Eligibility for Study Participation
We are currently recruiting 6-month-old infants who experienced oxygen deprivation at birth, as well as typically-developing 6-month-old infants to serve as controls for our NICU sample.
Infants: 6 month olds, to be tested at 6 and 12 months of age if possible.
- Born within 2 weeks of due date
At age six and twelve months, this study involves two hour-long sessions at the Laboratories of Cognitive Neuroscience that will be scheduled 24 hours apart. Parents will be with their child at all times. The sessions will be scheduled at a time that is convenient for you and your child.
Complications during labor and delivery can result in the infant getting less oxygen than is needed for normal brain function.
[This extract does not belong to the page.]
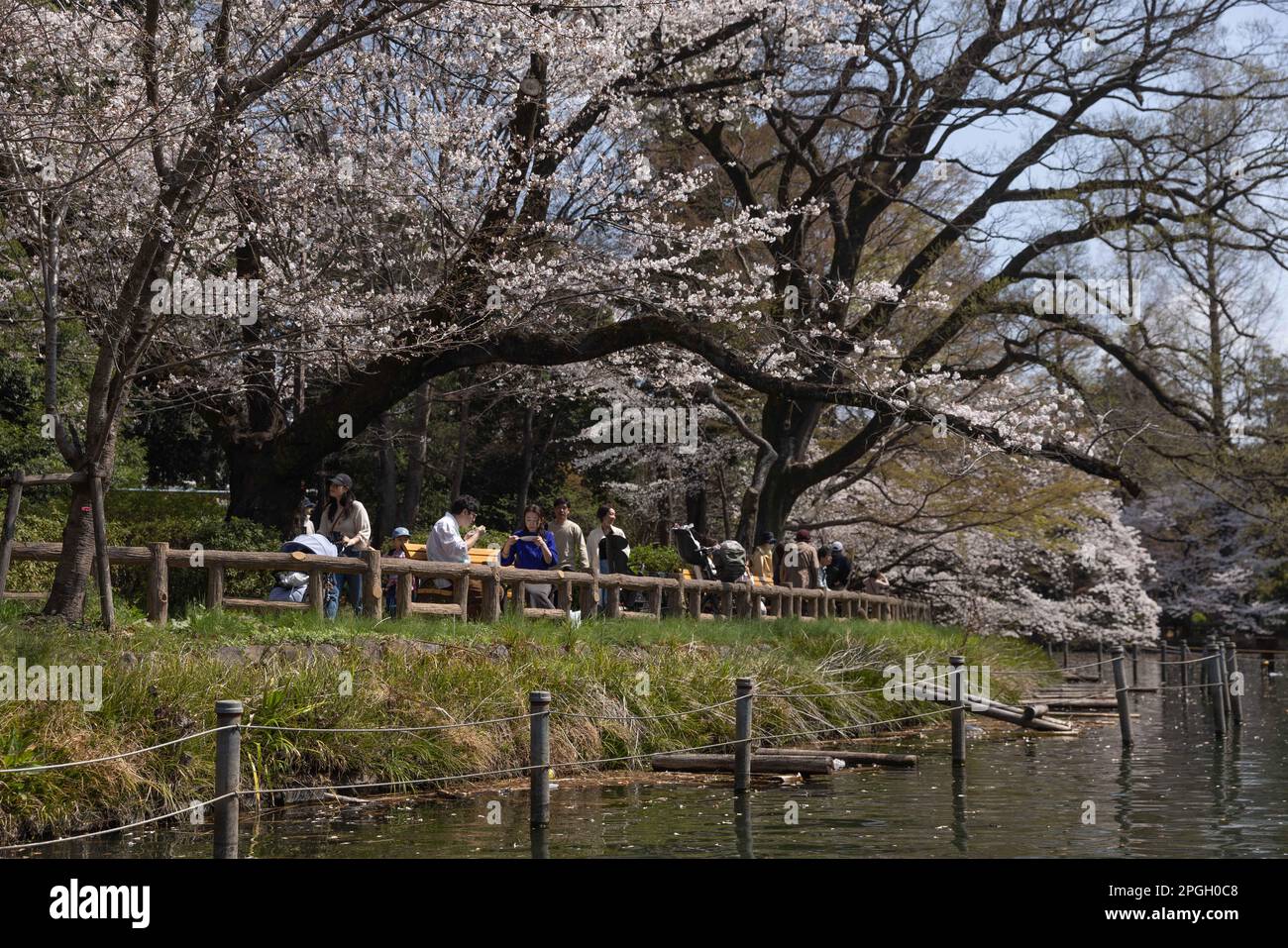 Tokyo, Giappone. 22nd Mar, 2023. I visitatori del Parco Inokashira di Tokyo possono ammirare gli alberi Sakura in fiore mentre si gustano degli spuntini. La tradizionale stagione di fioritura degli alberi di ciliegia raggiunge il suo apice il 23rd marzo di quest'anno. Per la prima volta dopo la pandemia di Covid-19, sono ammessi picnic nei parchi pubblici dove le persone possono divertirsi insieme in una grande folla. Credit: SOPA Images Limited/Alamy Live News Foto Stock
Certain areas of the brain, including those that are critical for learning and memory, are particularly hard hit by lack of oxygen and children who have experienced early oxygen deprivation often have damage to these areas of the brain. Many children who have incurred damage to learning and memory systems very early in life have difficulties with remembering information after a delay, navigating through new environments, and recalling everyday events. However, these impairments are often not noticed until the child goes to school.
In the current project, we aim to use behavioral memory tasks, measures of brain activity and eye tracking to identify children who may be at risk for later learning problems, much earlier than is currently possible. In addition, we aim to determine whether certain patterns of brain damage are more likely to result in learning and memory problems than others.